Here comes the sun

While others might try to reduce stress from schoolwork, we do the opposite, relishing and magnifying it.

By Anna Arons

Published March 23, 2010

You will not believe how much work I have—way more than you, I’m sure. I have a thesis draft, and a midterm, and a 10-page paper, but it’s in Spanish, so that counts double, and…wait, what’s that pleasant warm feeling on my face? That blinding brightness in the sky? Why do I find myself humming “Here Comes the Sun”?

Yes, in the words of George Harrison, after a “long cold lonely winter … the ice is slowly melting.” (I’ll omit the “little darlings” for propriety’s sake—springtime doesn’t excuse harassment). As the sun returns, we emerge from our dens in Butler, blearily rubbing our eyes as if waking from a dream about the dismal months of schoolwork and the additional tasks of complaining about and competing over said schoolwork. After all, before you spend five hours on a paper, you must also spend five hours explaining to your friends just how much more difficult your assignment is than any of their pathetic excuses for work. While others might try to reduce stress from schoolwork, we do the opposite, relishing and magnifying it.

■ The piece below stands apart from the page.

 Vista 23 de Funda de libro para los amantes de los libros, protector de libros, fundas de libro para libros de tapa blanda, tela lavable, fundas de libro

We take pride in our stress, and like proud parents, we brag about its progress in person and online. Many of my Facebook friends have posted their weekly schedules on their profiles, proving to the world that they’re taking 21 credits, participating in an extracurricular activity every day, holding down a work-study job, and still finding time to volunteer in an orphanage on the weekend. I never know how to react to such postings: “I’m sorry,” “Congratulations,” or “It’s a hard-knock life”? Beyond sympathy, the Facebook posters crave recognition of just how difficult and stressful their semesters have been—or, more accurately, just how difficult and stressful they have made their own semesters.

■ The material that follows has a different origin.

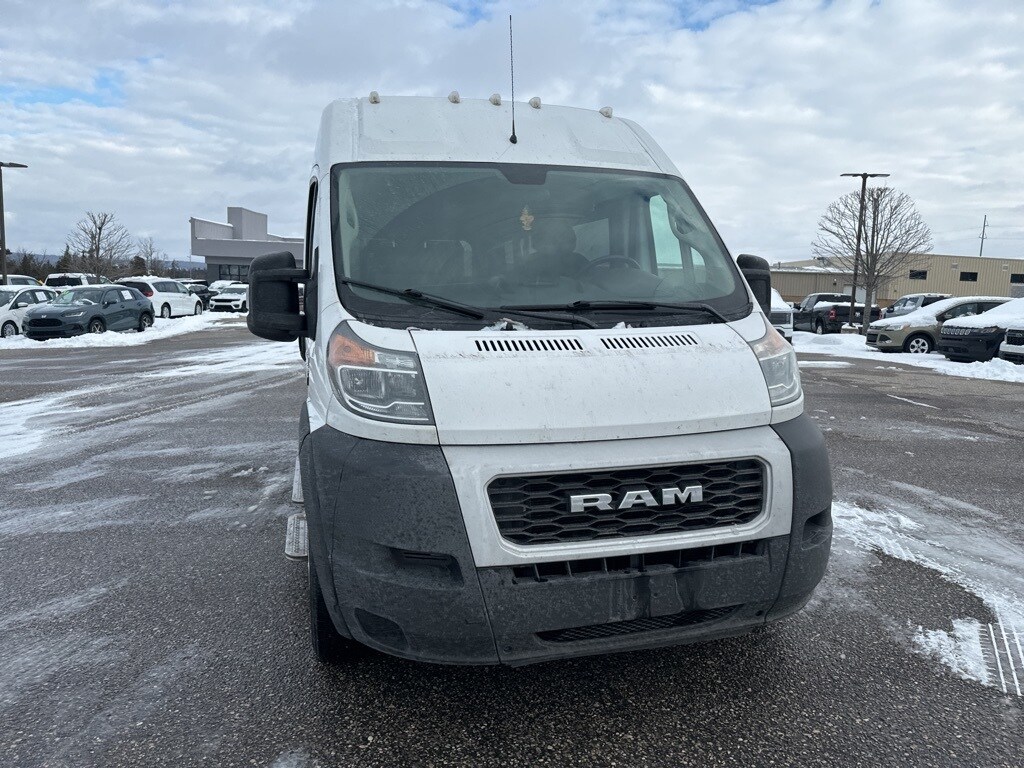 Used 2020 Ram ProMaster 2500 Window High Roof Van Cargo Van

We attend an elite university in the greatest city in the world (if David Letterman’s opinion is to be trusted on this point). As one of my professors noted during the height of midterms, “You aren’t incarcerated! What do you have to complain about?” Unlike my professor, I do recognize that academic work can be stressful, even if we’re not doing it from prison. But must we compete with each other to see whose life is the most stressful and who can be the most miserable? At her most recent fireside chat, Barnard President Debora Spar touched on this phenomenon, saying, “It feels a little bit like status comes from being really busy.” To guarantee the high status and admiration associated with that “really busy” label, it’s not sufficient to take too many classes and participate in too many activities. You also have to broadcast how busy you are, proving to classmates that your life is the hardest, so you are deserving of some kind of honor.

The power of this culture of stress seems to grow throughout the winter months, hitting a peak around spring semester midterms. It’s gray, slushy, and disgusting, and the entire campus has come down with a really bitter case of seasonal affective disorder. And then, one day, the sun peeks out. We might as well be Teletubbies—the baby-faced sun rises and giggles, and we all rush out of our dark cubbyholes to greet it. For a moment, work is forgotten. Footballs, baseballs, and frisbees fly through the air, the song of the Mr. Softee truck rings through the neighborhood, and the steps finally serve a purpose beyond providing that victorious Rocky feeling. It’s a glorious respite, but a short-lived one.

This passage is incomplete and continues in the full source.